Trotz des zeitintensiven Studiums an der Hochschule blieb noch Freizeit, um den riesigen Kontinent zu erkunden. Man reist ja nicht alle Tage nach China. Malte war in einer Gruppe mit fünf weiteren abenteuerhungrigen Studenten unterwegs. Voller Erwartung, was das Land ihnen offenbaren würde. Zu den Metropolen Peking und Shanghai stand das Kontrastprogramm der umliegenden Nationalparks. Mit Trekkingschuhen und Rucksack ging´s zum Wandern in den Wuyishan National Park im Norden der Fujian Provinz. „Als Kind habe ich mich vor Wandertouren im Urlaub gesträubt. In China ist es beinahe Pflicht, wenn man die Natur, das Land und die Leute kennenlernen möchte.“

Der Kontakt mit den Menschen auf dem Land war schwieriger als erwartet. Sobald sie die Großstädte verließen, um einen Eindruck von dem traditionellen chinesischen Leben auf dem Land zu bekommen, scheiterte es meist schon an den ersten Worten. Die Menschen sprechen da in der Regel kein Englisch. „Die Kommunikation geht in erster Linie über Körpersprache oder über Bilder. Ein richtiges Gespräch kommt leider kaum zustande“, erzählt Malte.

Über Chinesische Taxis und ihre Fahrer

Der pflichtbewusste Chinese steht zu seinem Wort. Diese Erfahrung machte Malte bei einer kuriosen Taxifahrt den Berg hinauf zu den Wasserfällen. Die fünfköpfige Gruppe bestieg nach Aufforderung des Taxifahrers sein „DianDongSanLunChe“, ein Zwei-Mann-Taxi mit drei Rädern. Der Taxifahrer bestand darauf, die Gruppe den ganzen Berg hinauf zu fahren – unter heftigem Keuchen und Puffen des Taxis. Als es bergauf den Studenten durch den heißen Motor warm unterm Hintern wurde, machte sich Nervosität breit. Die Zweifel, ob das Taxi durchhalten würde, trieb der Gruppe den Schweiß auf die Stirn – nur nicht dem Fahrer, der entspannt sein Gefährt weiter den Berg hinauf steuerte. Am Ziel angekommen war die Erleichterung groß.

Umso überraschender für den Studenten und seine Gruppe, als sie nach ihrer Tour zu den Wasserfällen Xiongshi Pubu (heißt übersetzt „Mighty lion waterfalls“) auf der Suche nach einem Taxi von drei Männern zu einer Tasse Tee eingeladen wurden. Für Chinesen eine ungewöhnliche Geste, wird ihnen doch oft Zurückhaltung nachgesagt. Die Studenten nahmen die Einladung gerne an. 

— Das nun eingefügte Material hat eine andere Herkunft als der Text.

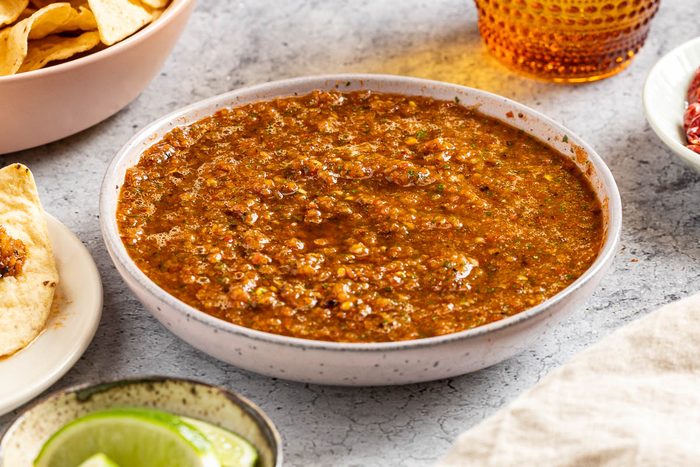 Taste of Home Arbol Chile Salsa photo of the finished recipe in a serving bowl with tortilla chips.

„Für uns Europäer mag vieles fremd wirken, aber deswegen sollte man auf keinen Fall das Land nicht besuchen. Wer Interesse an China hat, dem rate ich, sich darauf einzulassen – es lohnt sich“, resümiert Malte. Zurück in Deutschland brauchte er wohl ein bis zwei Tage, um sich wieder einzuleben.